Sooliman, who happens to be an outspoken gender-activist, decided to write to South African Home Affairs, stating,
“We are South African citizens and highly offended by this attitude. If rights are being violated due to ignorance by home affairs officials then such behaviour needs to be corrected. We do not wear face veils so the demand to have the head covering removed violates constitutional rights.”
She further stated, “I am raising this issue because I do not want to see an escalation of ‘Islamophobia around hijab’ in our beautiful country.”
The reason I discuss this story here is two-fold. Firstly, the issue appeared in the media (both print and radio), with other Muslim women coming forward to report being handled in the same way. Secondly, the way in which Muslim women themselves took this story up, using the mainstream South African media to voice their concerns, is representative of their emerging voice in broader society.

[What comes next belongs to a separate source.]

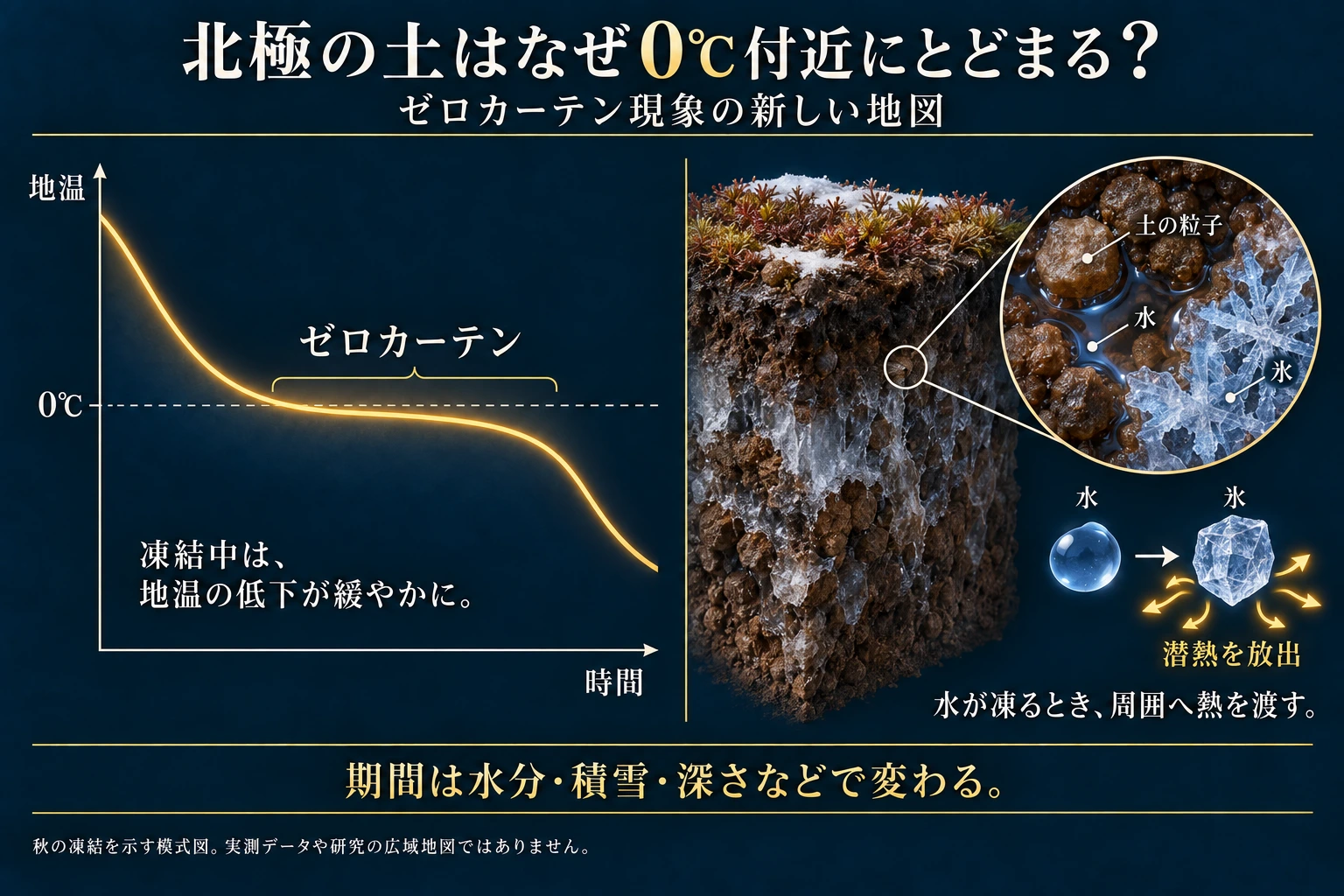 土壌水が氷になる際の潜熱放出が地温低下を緩和する。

One of the first to report on this story was the Mail & Guardian. Fatima Asmal-Motala, freelance journalist and Muslimah activist, who herself experienced discrimination for wearing a headscarf when applying for a passport, reported for the paper. Her story included a detailed interview with Sooliman, as well another woman who was asked to remove her headscarf, and a response from a Home Affairs representative. Her story allowed the women to speak for themselves, explaining why the incidents upset them to the extent it did – particularly in the very tolerant South African context, where all forms of religion and dress are usually respected. The headline however, “Headscarves Raise Hackles” left much to be desired, giving the impression the women were kicking up a fuss for petty reasons.

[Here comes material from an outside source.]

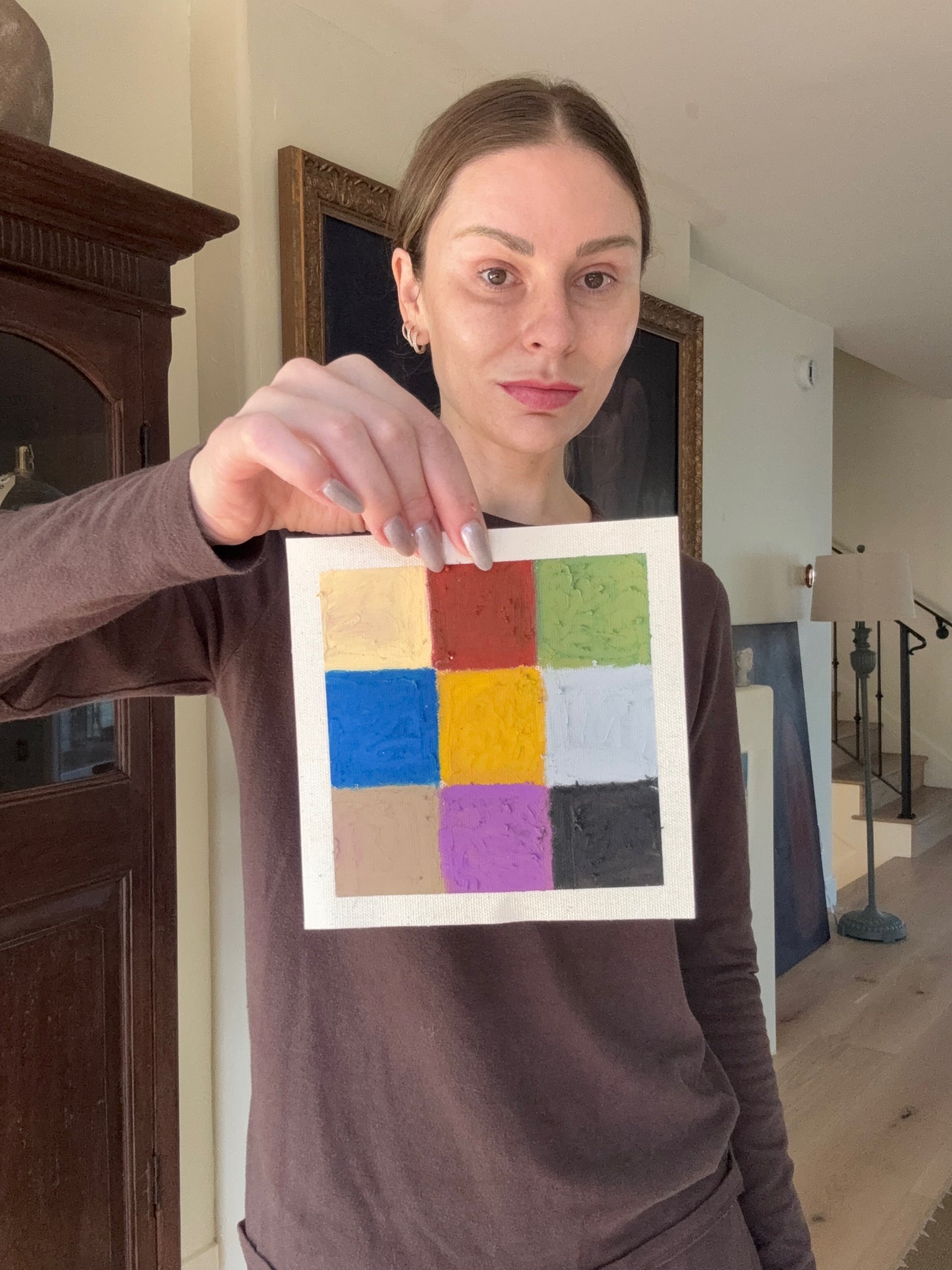 Square (oil pastel on canvas, 6x6)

Sooliman and Asmal-Motala were also interviewed on the national radio station SAfm, where they posed important questions directly to Home Affairs, and other Muslim women were given the chance to call in to report similar experiences. Their interview brought to the mainstream society’s attention the independent voices of Muslim women, in protesting about matters they believe to be an infringement of their religious rights.Other media outlets like Sunday Times and IOL also reported on the story, making sure to quote Sooliman, who always maintained that “We do not want special favours but want to be treated with dignity and respect,” and asked the pressing questions, “Is there religious freedom in South Africa or is it also going to be eroded? Is there legislation that states that Muslim women cannot submit photographs for passports or ID documents with a headscarf?”

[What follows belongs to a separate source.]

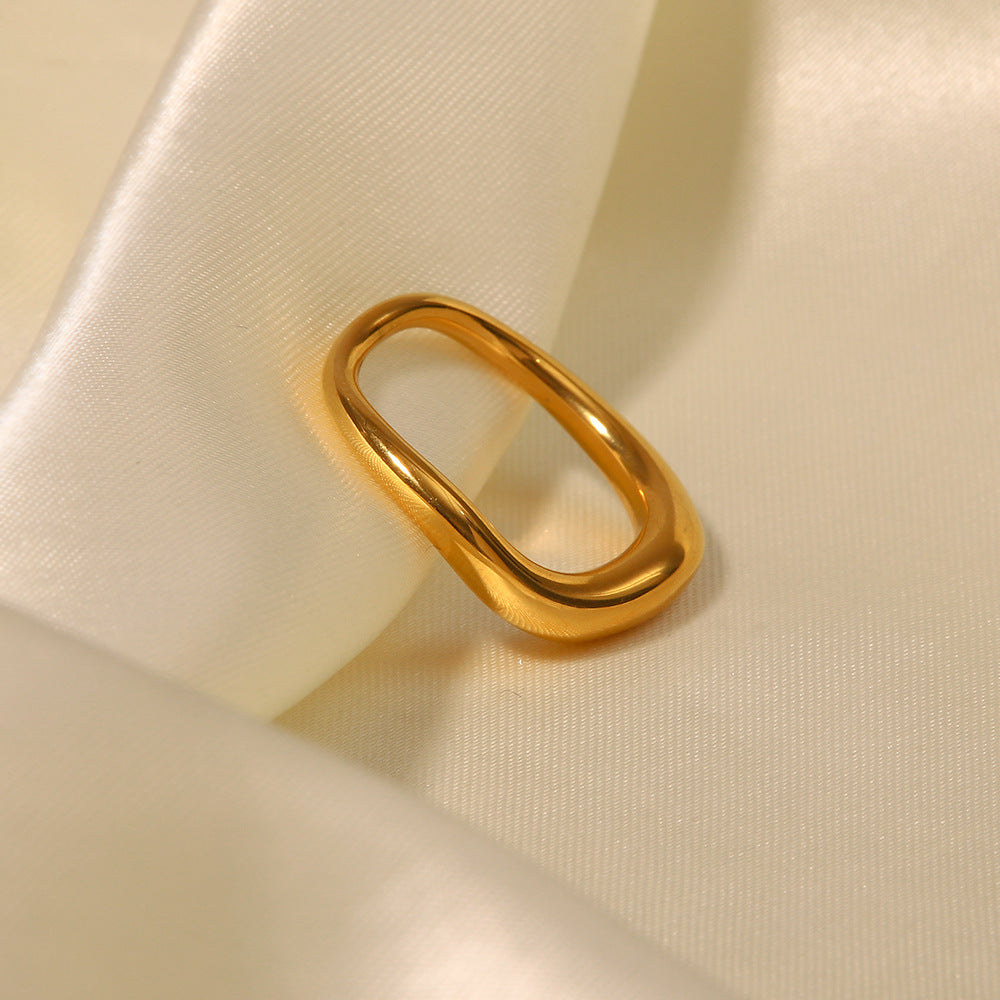 Classic18K Gold-plated Stainless Steel Irregular Ring Fashion Trend for Women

However, the Sunday Times article inaccurately in the headline that “Home Affairs orders headscarves off.” A few misinformed officials did request some Muslim women to remove their head-coverings, but Home Affairs have assured the Muslim community that any checks would have to be conducted privately, and headscarves are acceptable in ID photographs.
The establishment also decided to run a public-poll asking whether Muslim women should be allowed to wear headscarves at passport-control. The poll question was problematic in that it opened up discussions on options that are clearly already the constitutional rights of Muslim women, allowing the public to decide for Muslim women what makes suitable travel gear.
Other websites that picked up on the story grossly conflated the issue of headscarves with face-veils, posting pictures of women with their faces covered in their stories, showing little understanding of the nuances and heterogeneity of Muslim women.
Muslim media responded to the incidences as well, with the Voice of the Cape reporting no less than five articles dedicated to the issue, including interviews from various affected women, facts from religious bodies regarding their correspondence with government, detailed information from Home Affairs on what exactly constitutes proper garb for photographs and their protocol for security checks; thereby assuaging any frenzy that could have ensued.
These isolated incidents were given a lot of media attention, and I am particularly happy it resulted in so many Muslim women having a say on a concern that affects them personally, at a national level.